HCDE associate professor Kate Starbird (middle) discusses the use of social media during a crisis at a 2015 lecture.

Experts from the Election Integrity Partnership (EIP) identified partisan news and social media as prominent culprits of facilitating the spread of misleading or false information during the 2020 election at a panel last week. 

The EIP was launched last summer as a collaboration among institutions devoted to studying the spread of misinformation and disinformation in the social media landscape. 

Kate Starbird, an associate professor in the UW’s department of human centered design and engineering, stressed the “participatory nature” of disinformation, recognizing that former President Donald Trump’s constant claims of election fraud directly encouraged his supporters to seek out evidence of a rigged election. 

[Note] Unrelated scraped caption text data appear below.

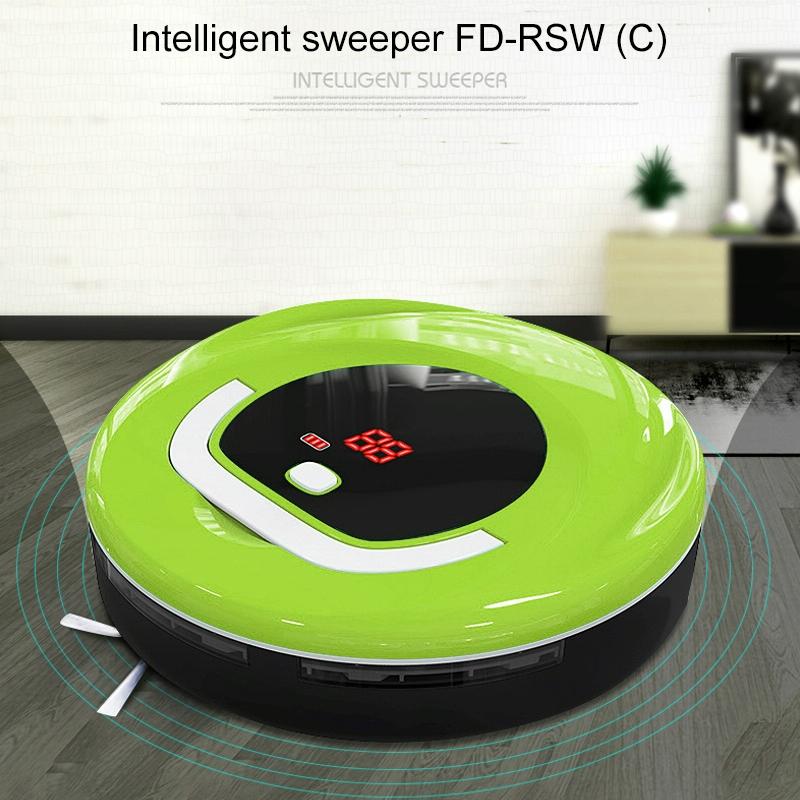 Smart Household Sweeping Robot - Fd-rsw c - Green 6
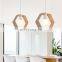 Led Creative Simple Restaurant Chandelier Modern Pendant Light Warm White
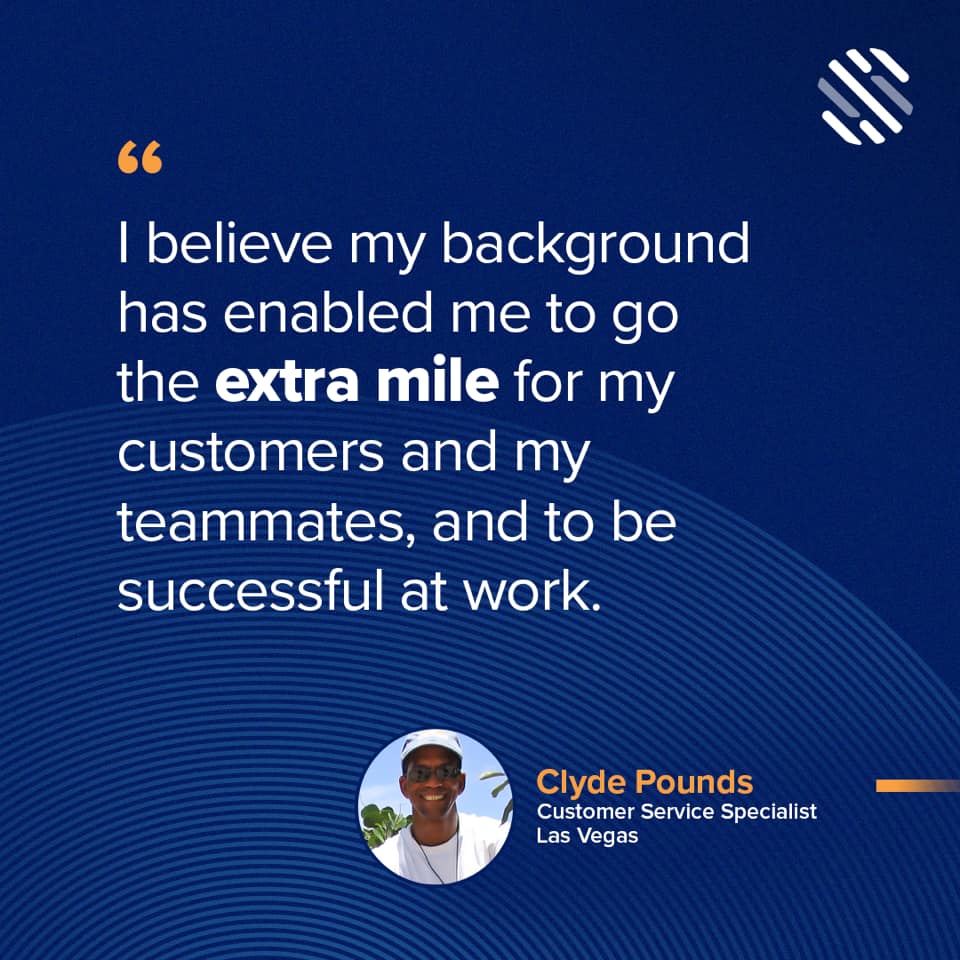 SutherlandCorp's tweet photo. Today,we share the incredible story of Clyde,who got through cancer diagnosis &amp; treatment because of the support of his family,both at home &amp; at work. He also highlights how his upbringing shaped his personal &amp; professional development.#BlackHistoryMonth #Family #SutherlandStrong https://t.co/zNrzsHQ8xH
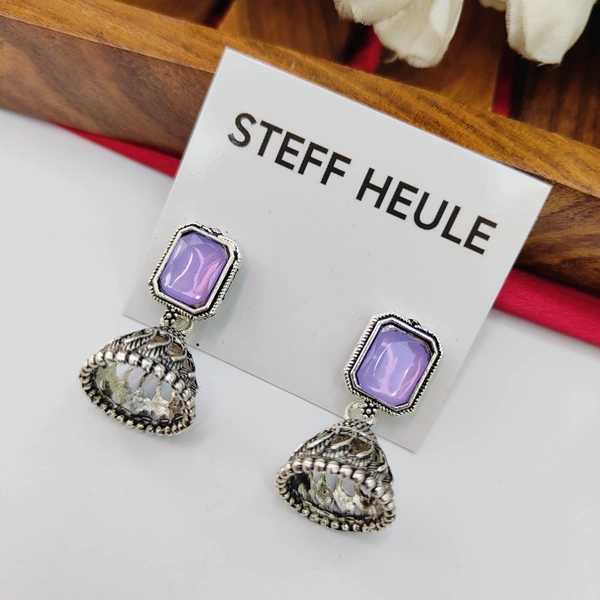 Sisterhood Silver   Jhumka 9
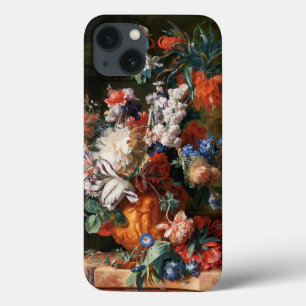 Xzendor7 Bouquet Of Flowers by Jan van Huysum iPhone 13 Case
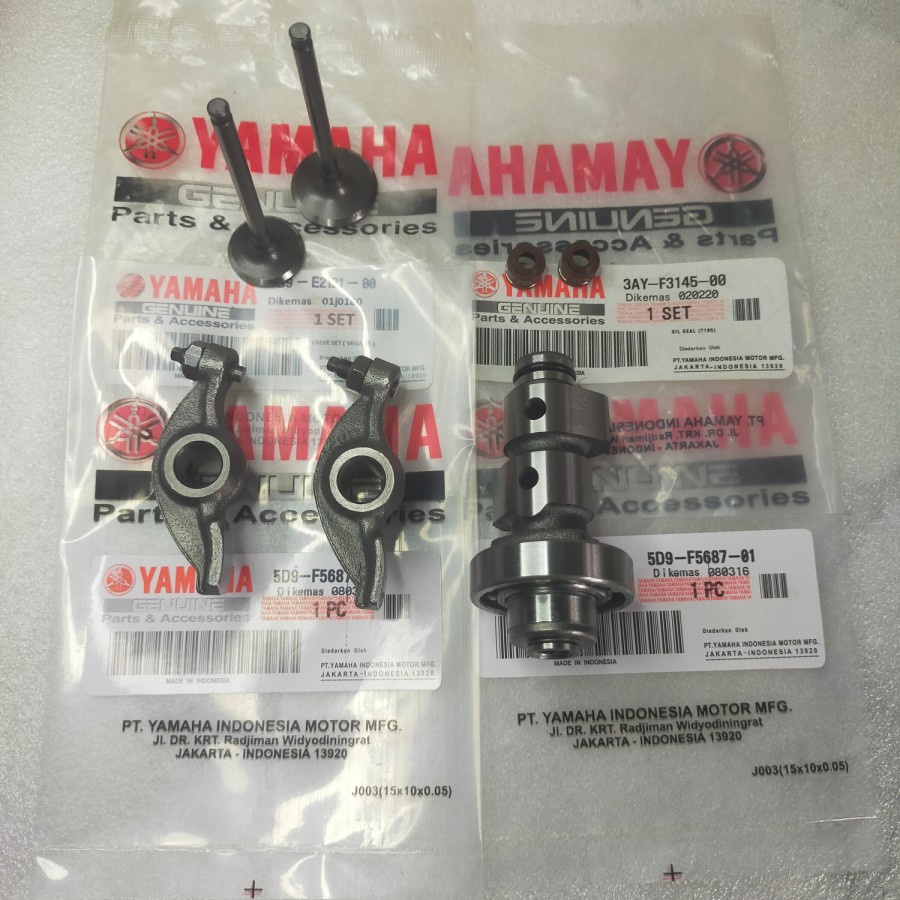 paket murah set noken as + platuk klep + payung klep Jupiter z ,vega r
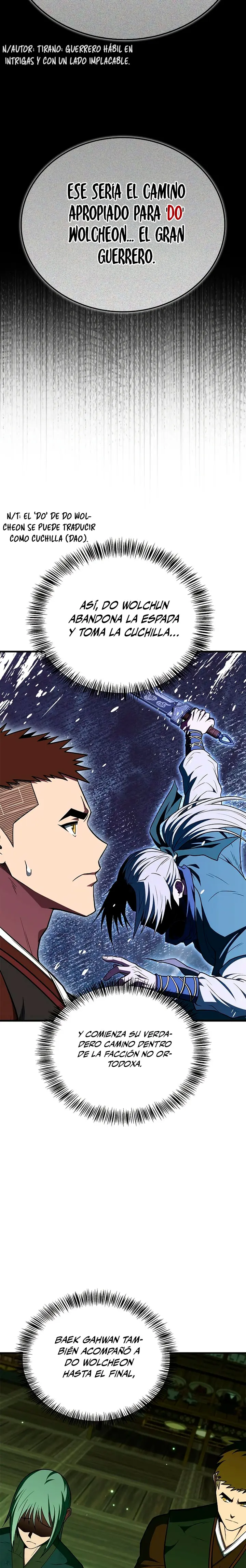 El Genio entrenador de artes marciales Capítulo 98 - Page 18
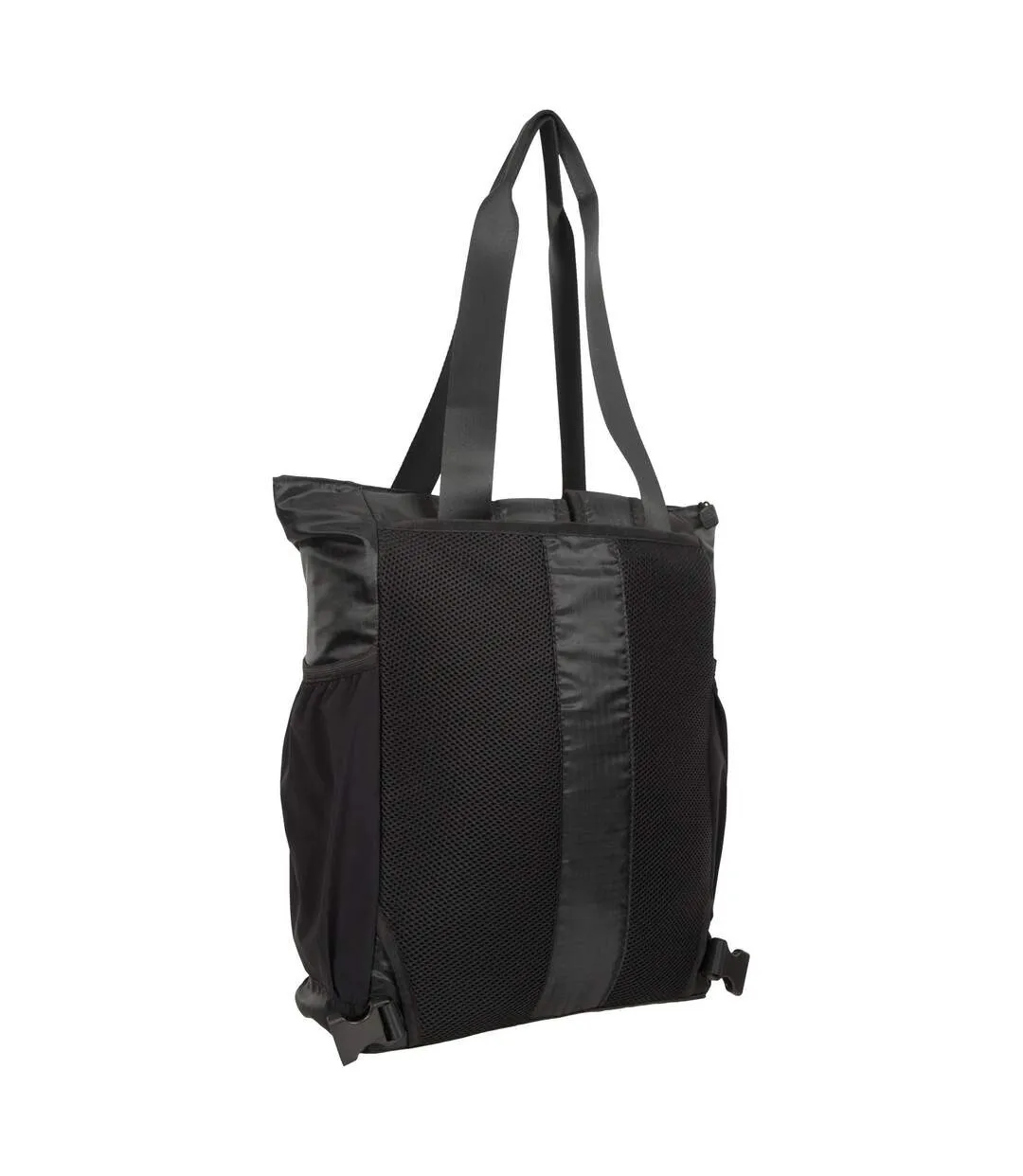 Tote 2 in 1 15l backpack one size black Mountain Warehouse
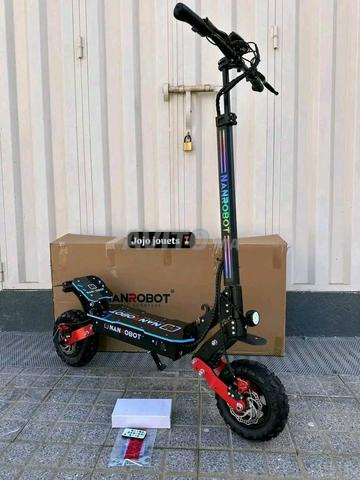 Trottinette électrique NANROBOT - 2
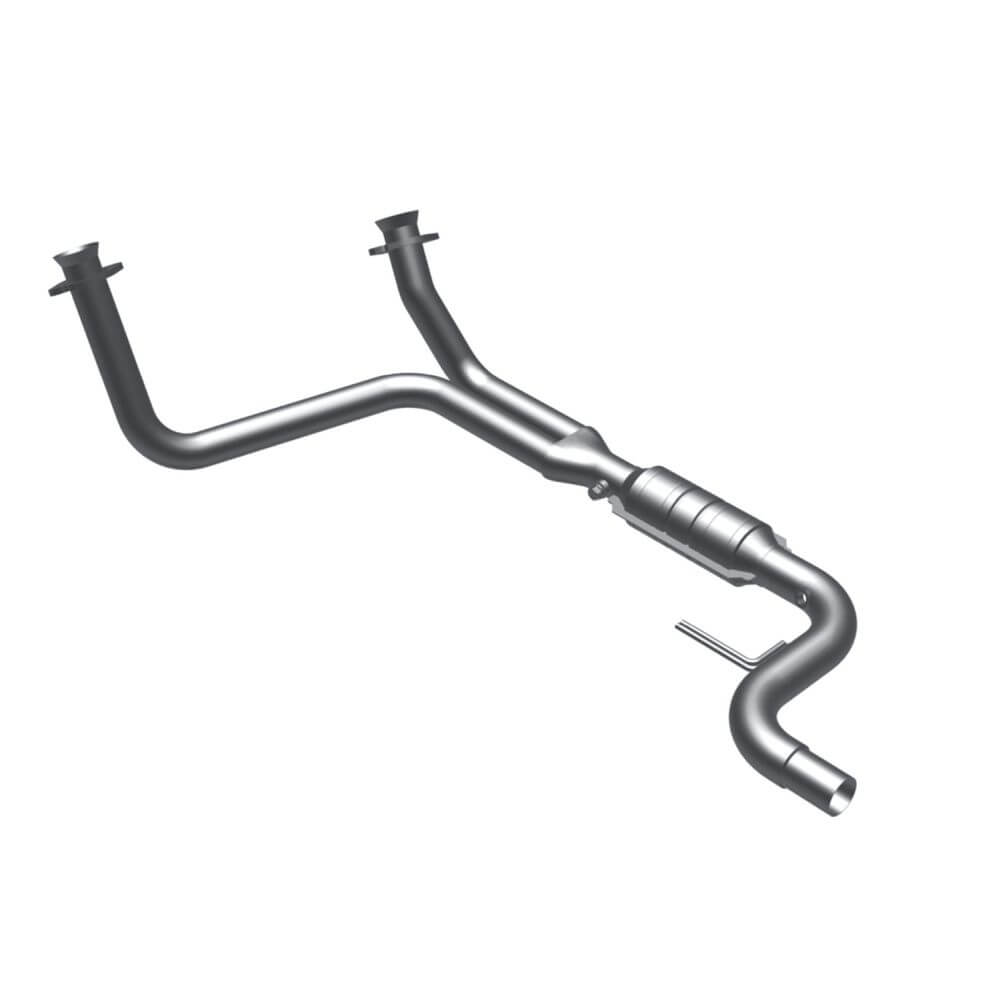 MagnaFlow 23466 Heavy Metal Direct Fit Catalytic Converter (2.5" ID/2.5" OD)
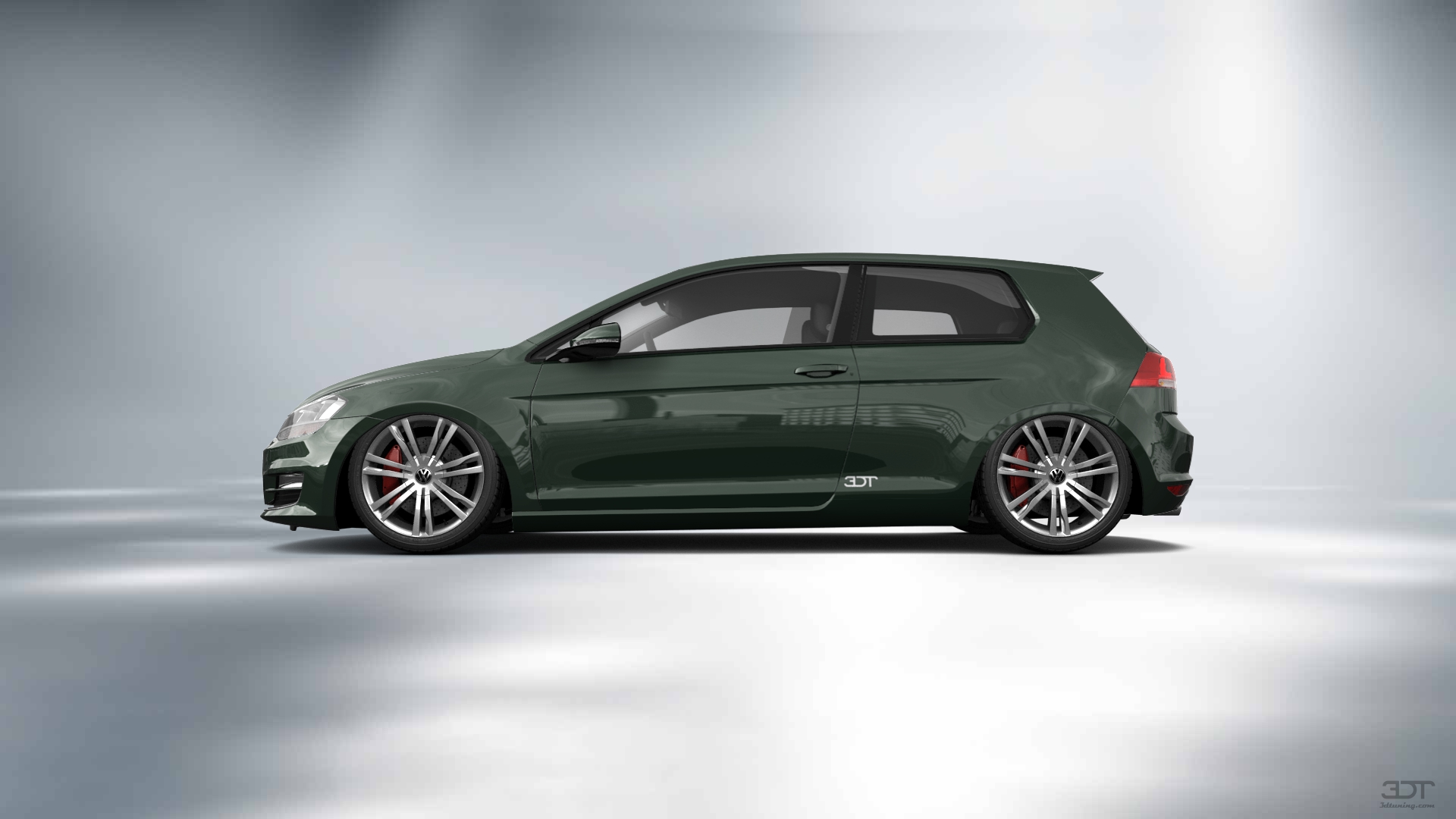 Volkswagen Golf 7 3 Door Hatchback 2013
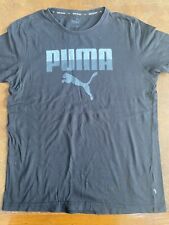 Puma shirt nero usato  Italia
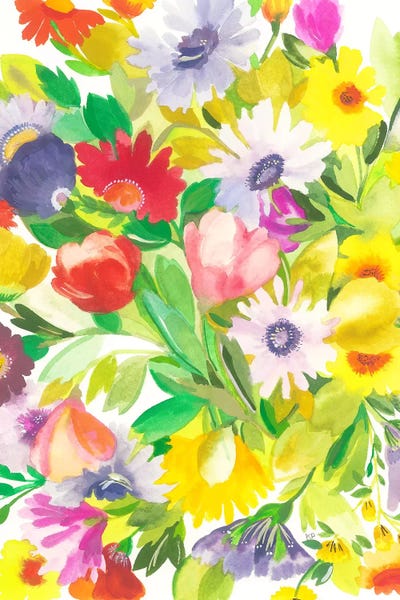 Tulips: April Tulips by Kim Parker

“President Trump and his campaign didn’t just prime his audience to be receptive to narratives of voter fraud, they inspired them to produce these narratives themselves, and then echoed those false claims back to them,” Starbird said.

Emerson Brooking, a senior fellow at the Atlantic Council’s Digital Forensic Research Lab, said disinformation was spread through both a “top-down” process, in which right-wing influencers deliberately provoked their bases with suggestions of election fraud, and a “bottom-up” process, in which individuals shared evidence of what they believed to be a stolen election, eventually grabbing the attention of those right-wing influencers through social media channels.

As a case study of a combined top-down and bottom-up process, Starbird retraced the trajectory of the SharpieGate theory, a conspiracy that suggested Trump voters were being disenfranchised by being forced to use Sharpie pens. Early rumors began with people finding that Sharpies bled through their ballots.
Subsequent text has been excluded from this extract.